* _Task statement_:
Pictures in the records below must be left out. Return exactly the lines from the line with "メイクアップカラー/ビューティーン/ヘアカラーを使ったクチコミ(4枚目)" to the line with "Tractor agrícola - John Deere - 6175r", both included.

* _Data to examine_:
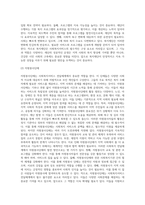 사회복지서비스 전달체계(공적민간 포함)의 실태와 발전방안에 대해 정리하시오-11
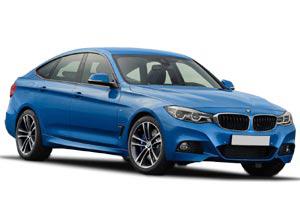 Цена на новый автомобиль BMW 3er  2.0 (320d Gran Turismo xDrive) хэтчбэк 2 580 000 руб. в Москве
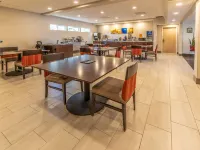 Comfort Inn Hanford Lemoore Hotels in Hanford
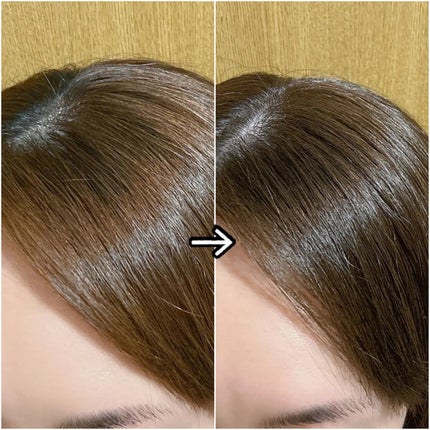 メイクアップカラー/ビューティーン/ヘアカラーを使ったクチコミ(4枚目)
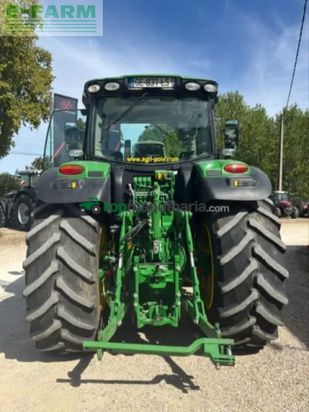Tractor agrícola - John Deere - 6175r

--

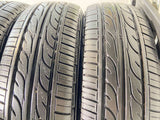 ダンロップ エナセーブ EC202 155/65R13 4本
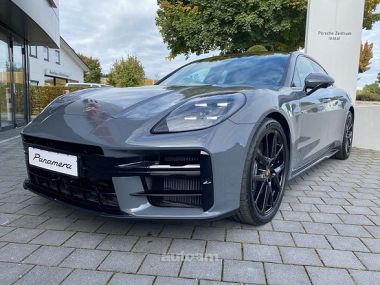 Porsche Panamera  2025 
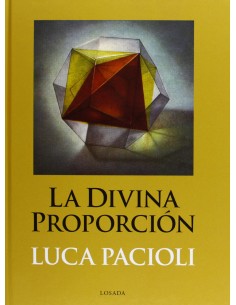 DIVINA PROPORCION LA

...

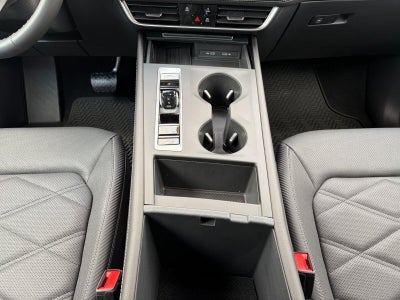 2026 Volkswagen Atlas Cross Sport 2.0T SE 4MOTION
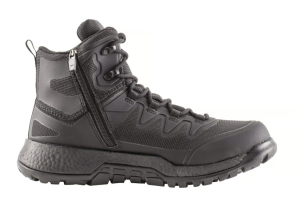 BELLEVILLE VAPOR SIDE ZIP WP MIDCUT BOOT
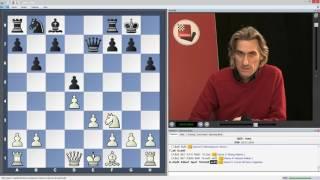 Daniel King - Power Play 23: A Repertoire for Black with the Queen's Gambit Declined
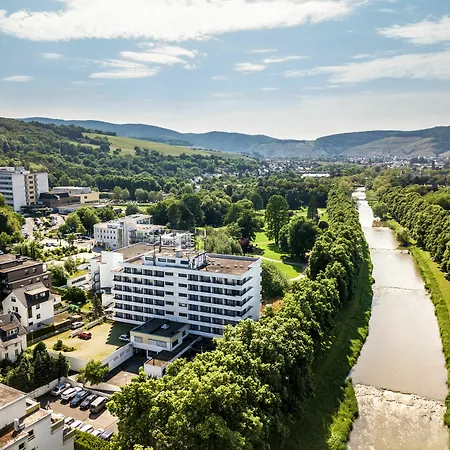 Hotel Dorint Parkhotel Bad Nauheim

* _Exercise output_:
 メイクアップカラー/ビューティーン/ヘアカラーを使ったクチコミ(4枚目)
Tractor agrícola - John Deere - 6175r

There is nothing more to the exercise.